I want to scream from the mountaintops that coercion should never be normal in any relationship!

No one owns your body, and you have the right to set your boundaries and have them respected. We need more awareness about this issue so that others don't suffer in silence.

If you ever find yourself in a situation like this, please know that you don't have to endure it. Seek help, talk to a counselor, confide in someone you trust, and know that you deserve a relationship built on respect, trust, and genuine consent.

Sex Is Not A Prize

Let's be clear: sex is not a favor, a prize, or something to be entitled to.

The phrase "get sex" just rubs me the wrong way. It's a two-person activity, meant to be enjoyed when both partners are in the mood and enthusiastically willing to participate.

Unfortunately, some individuals behave as though they've been denied a cookie after being good boys all day when their partners aren't in the mood. This attitude is both disrespectful and wrong. Intimacy is about mutual desire, not entitlement.

I've had my fair share of encounters with guys who thought they were owed my body and sexual favors whenever they pleased. It's really annoying when someone expects you to perform on demand but doesn't bother to reciprocate.

I remember one particularly abusive and manipulative ex who fit this description perfectly. If I ever declined sex or oral sex for a reason, like being exhausted from a late shift at the restaurant, he would tantrum like a spoilt child. His sense of entitlement was nauseating, and it made me want nothing to do with him.
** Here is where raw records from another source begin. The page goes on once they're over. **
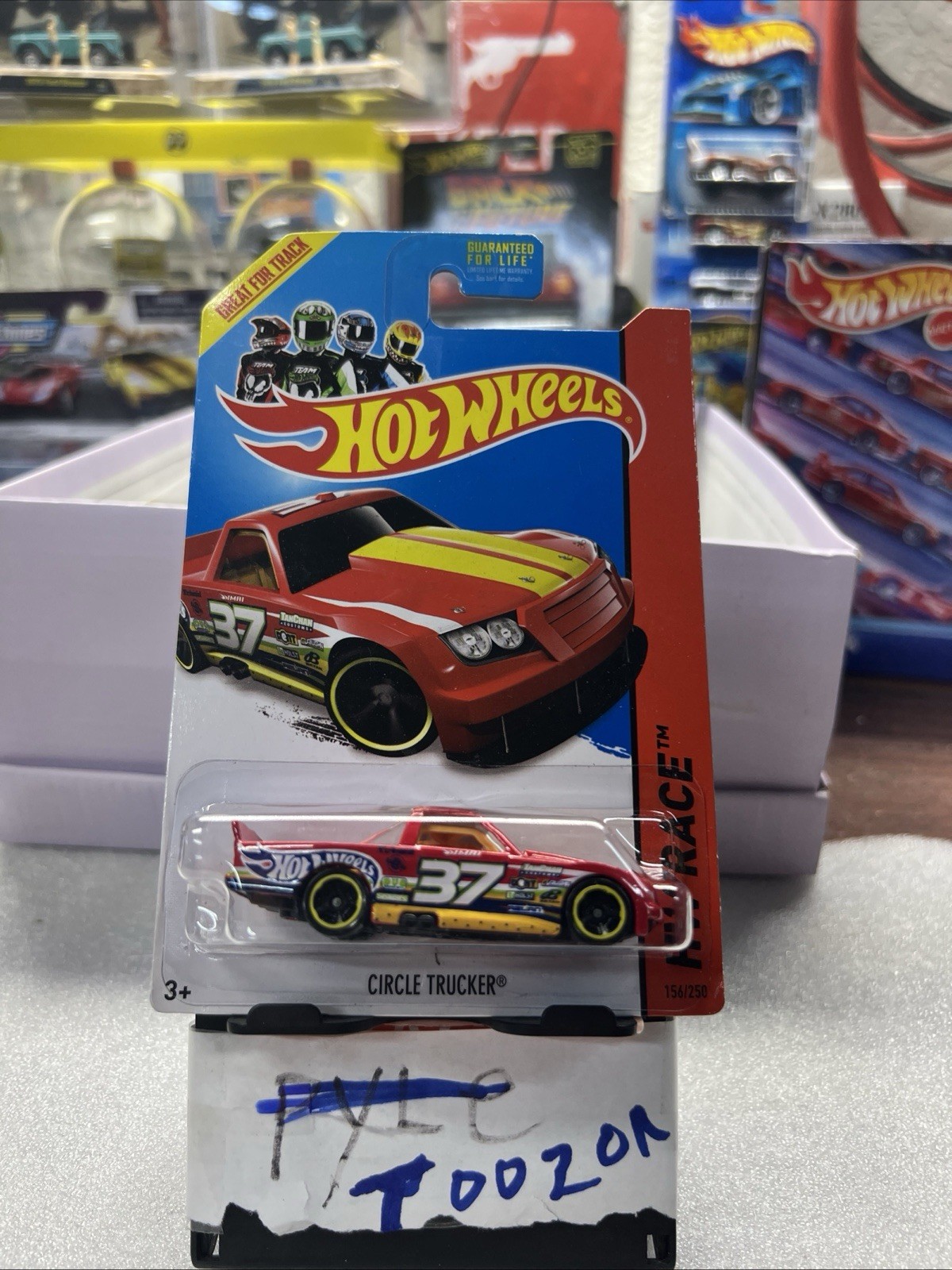 Hot Wheels Circle Trucker 2014 HW Race Thrill Racers New On Card 156/250 Red B30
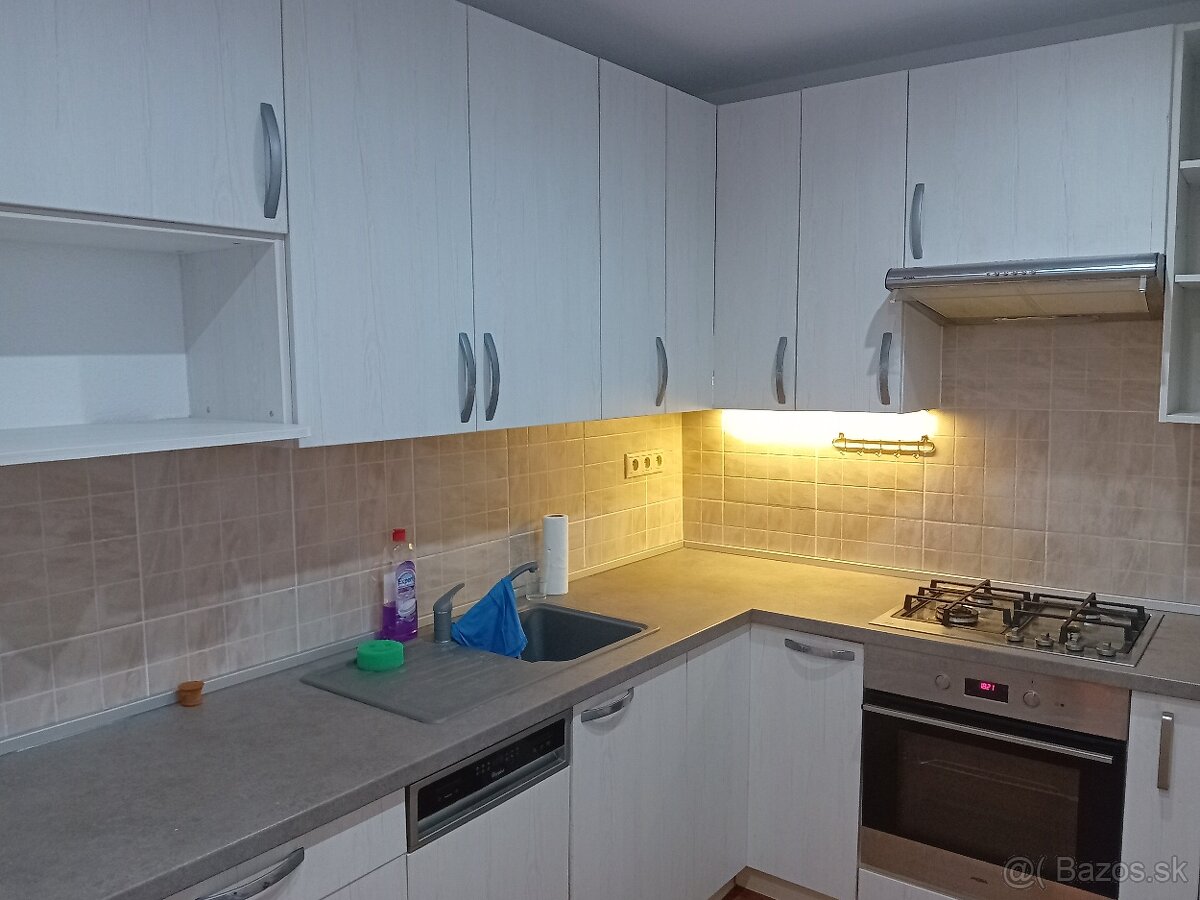 Na predaj pekný prerobený 3 izb.byt v peknom prostredí - 2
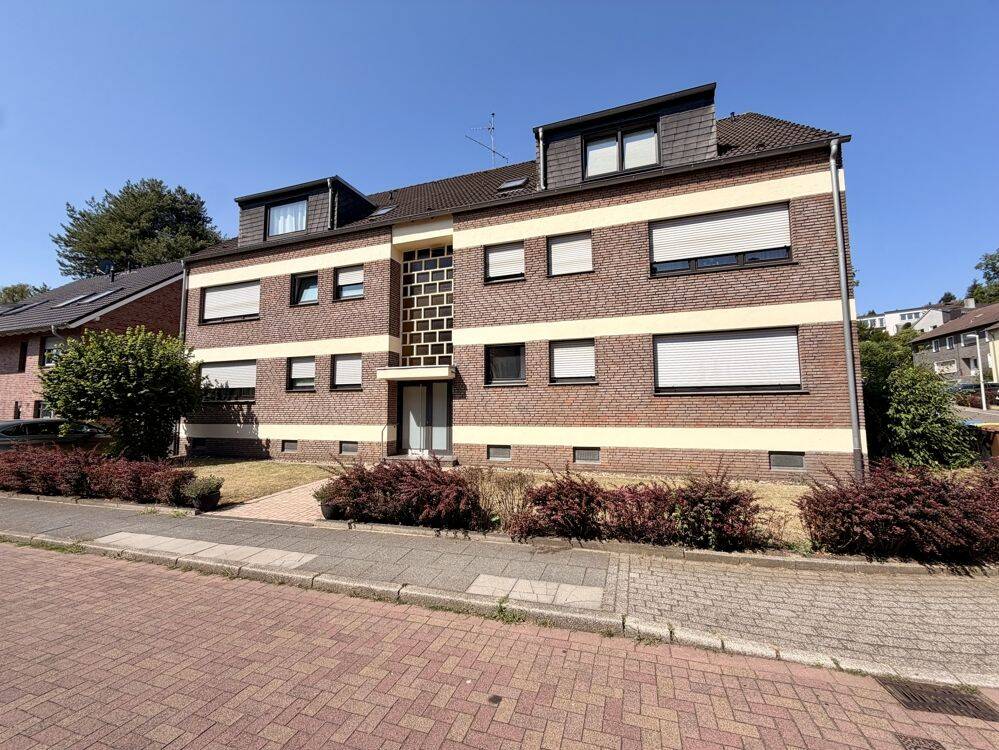 Schöne Dachgeschosswohnung mit großem Balkon in Mülheim – Saarn!, 45481 Mülheim an der Ruhr (Broich Saarn Saarn/Mintard Saarn/Selbeck)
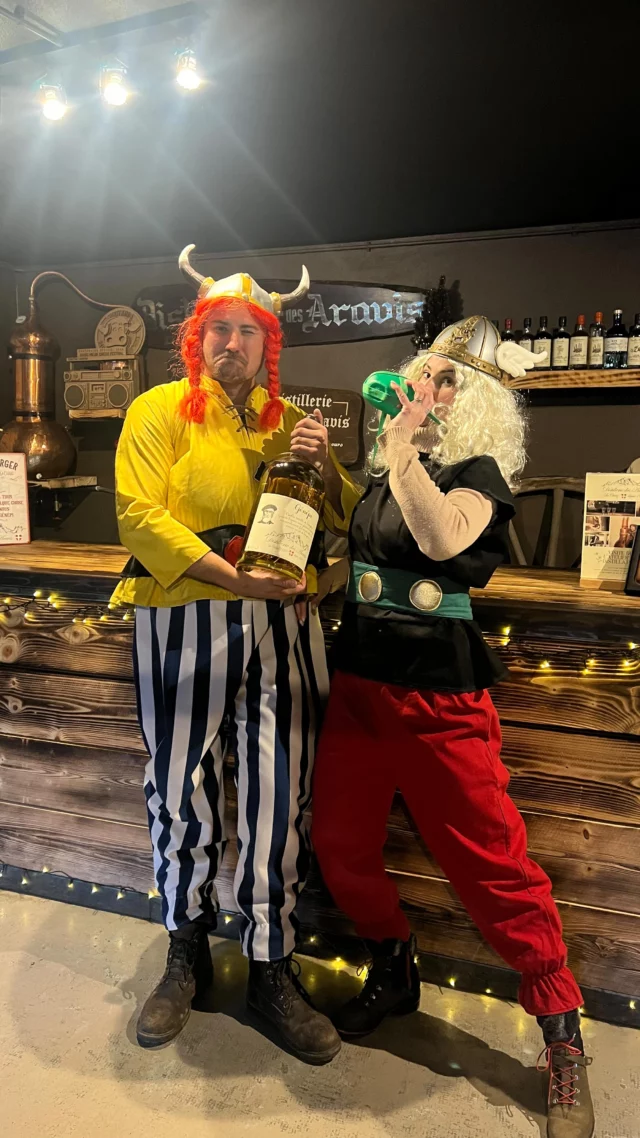 Encore un carnaval de folie 🎉🎭

De bons souvenirs partagés avec l’équipe, les copains et vous tous ! ✨❤️

On espère que vous avez aimé nos costumes 🤗

Rendez-vous l’année prochaine 😋

*l’abus d’alcool est dangereux pour la santé, à consommer avec modération*

#distillerie #genepi #laclusaz #distilleriedesaravis #hautesavoie #alambic #carnaval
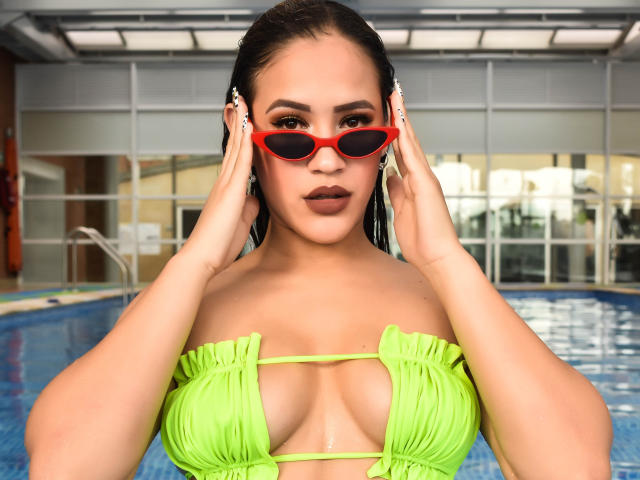 JuliethSandler - Live sex cam - 13598376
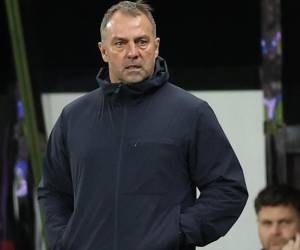 Hansi Flick advierte que en casa quieren ser mejor ante Newcastle.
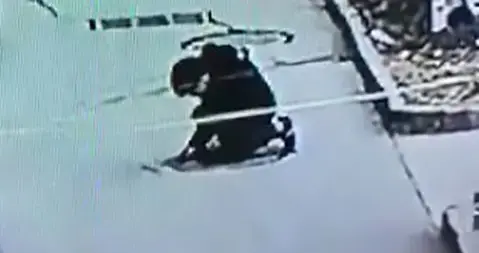 קשה לצפייה: ילד משליך זיקוק לביוב - ועף 30 מטר באוויר כתוצאה מפיצוץ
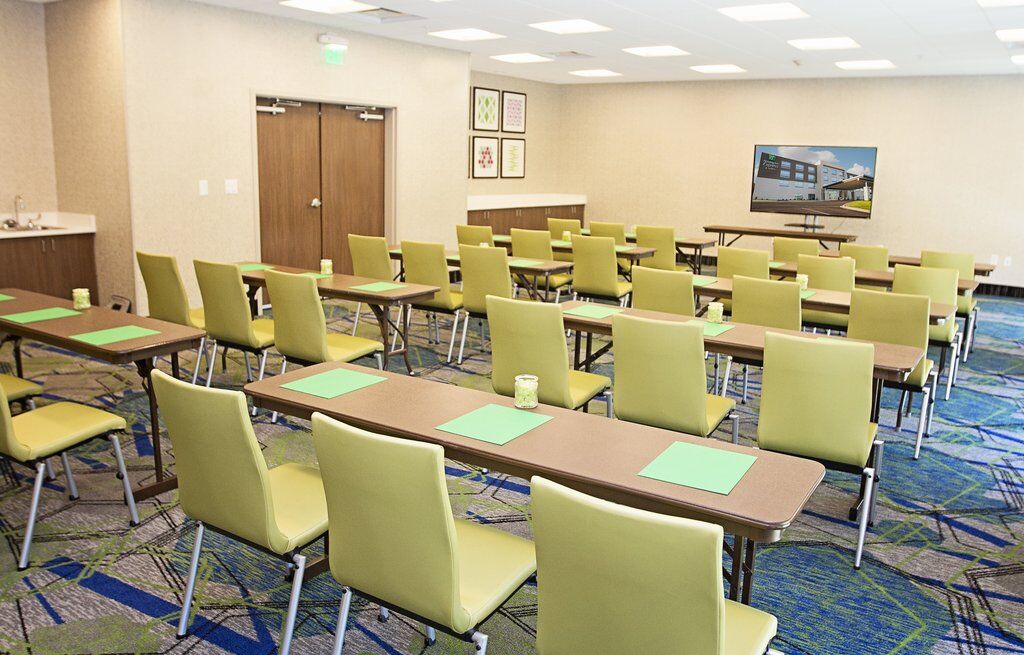 Holiday Inn Express & Suites Greenville S - Piedmont By Ihg Екстериор снимка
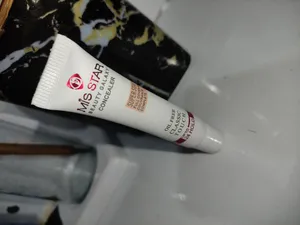 تجریه خرید کانسیلر میستار مدل Oil free شماره 2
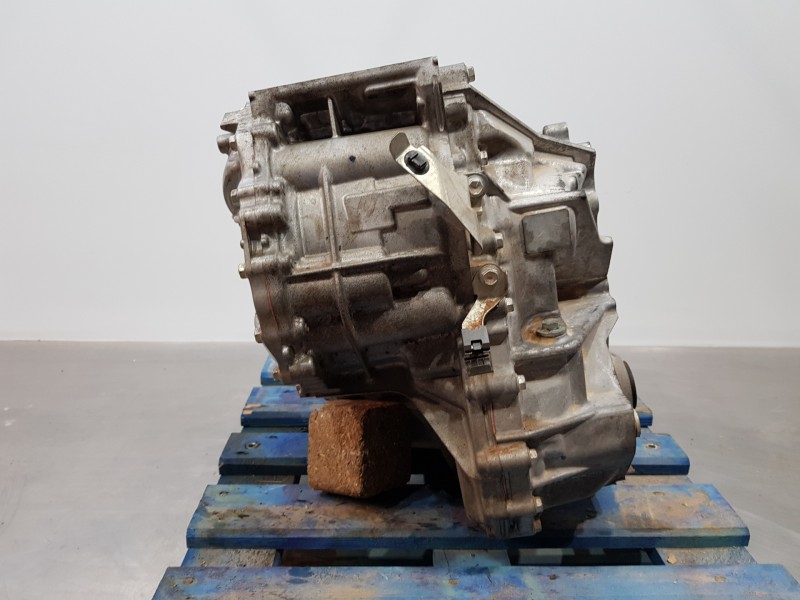 Recambio de caja cambios para toyota c-hr hybrid referencia OEM IAM 3090047110  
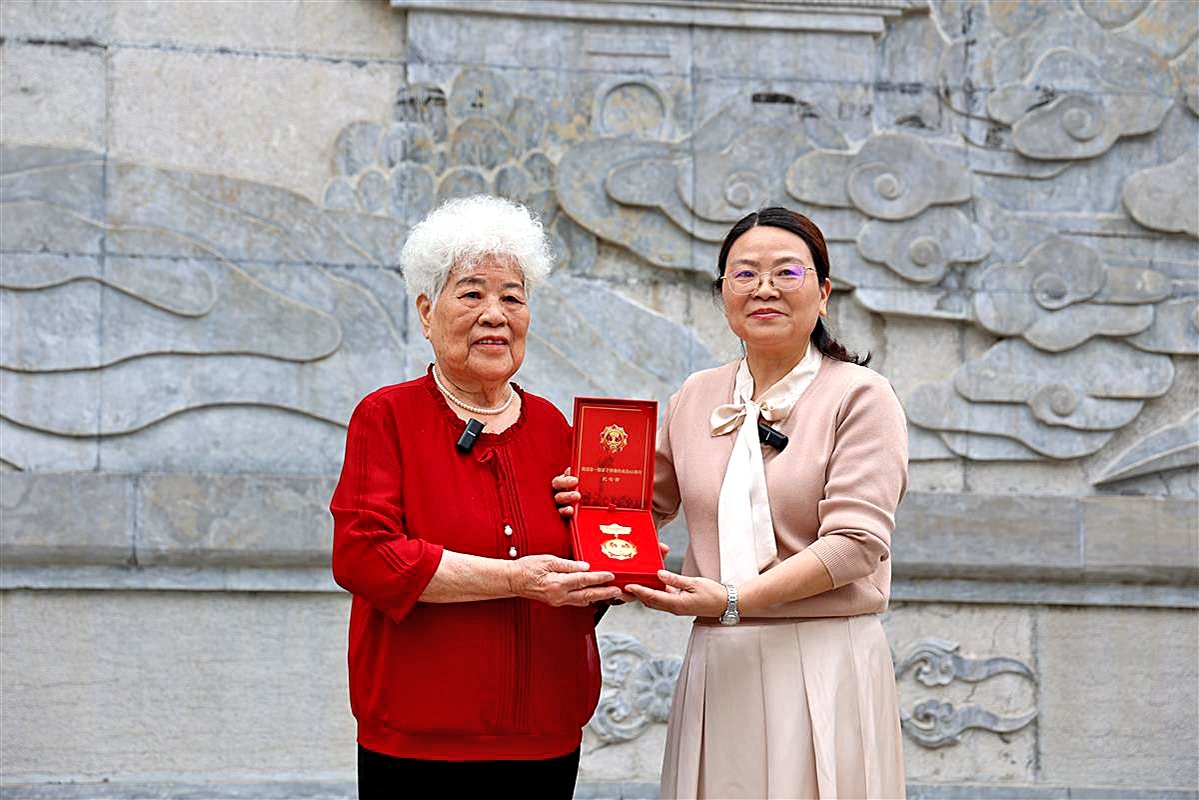 “记住历史并继承了一场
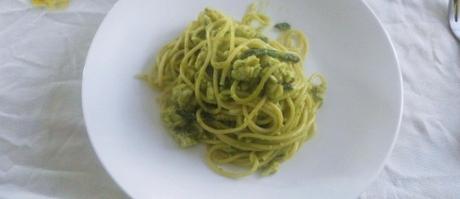 Spaghetti con gallinella e asparagi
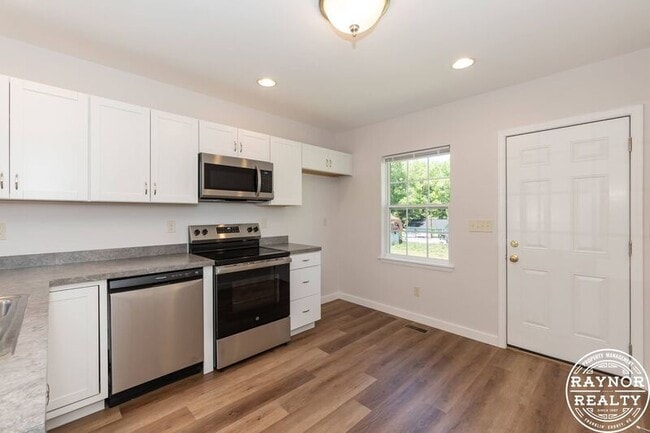 Building Photo - 201 Smith Dr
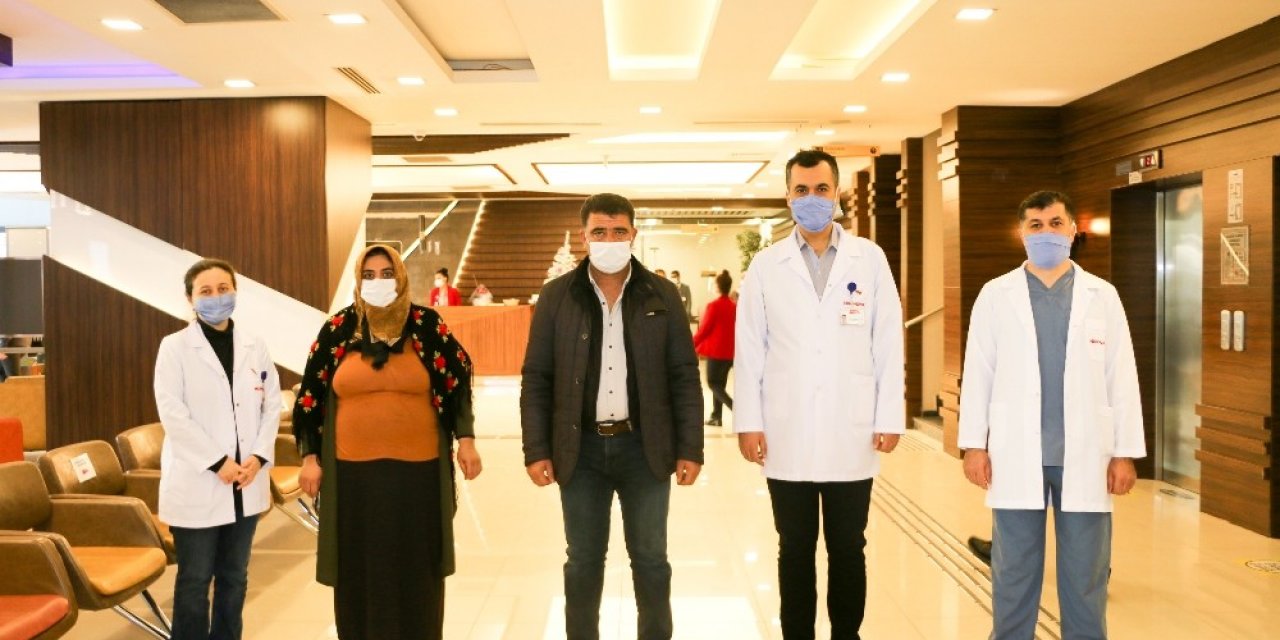 38 Yıldır Boynunda Kistle Yaşadı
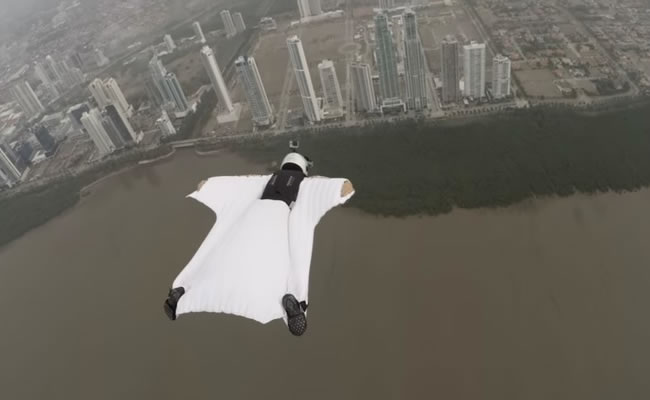 Momento del salto de Roberta sobre Panamá. Foto: Youtube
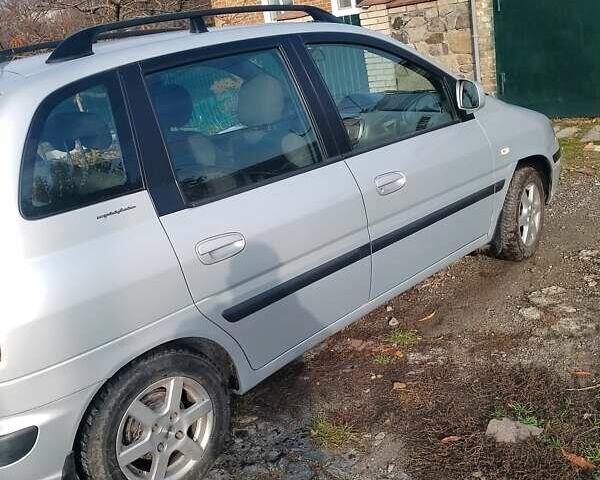 Сірий Хендай Матрікс, об'ємом двигуна 1.6 л та пробігом 182 тис. км за 3500 $, фото 6 на Automoto.ua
In the end, I dumped his sorry behind, and it was a decision I didn't regret for a second.

A Woman's Perspective

So, let's wrap this up with a big dose of reality. The moping over sex isn't just a mood killer; it's a relationship destroyer. Partners, especially men, need to get it through their heads that sex should never be demanded or coerced and stop acting like a whiney brat.

Ladies, remember this: you are never, and I mean NEVER, obligated to provide sex on command. Healthy relationships are built on consent, emotional connection, and mutual understanding of each other's boundaries.

It's not the quantity of sex that matters, but the quality of connection between partners that truly makes intimacy satisfying.

So, don't let anyone kill your mood or your authority in the bedroom!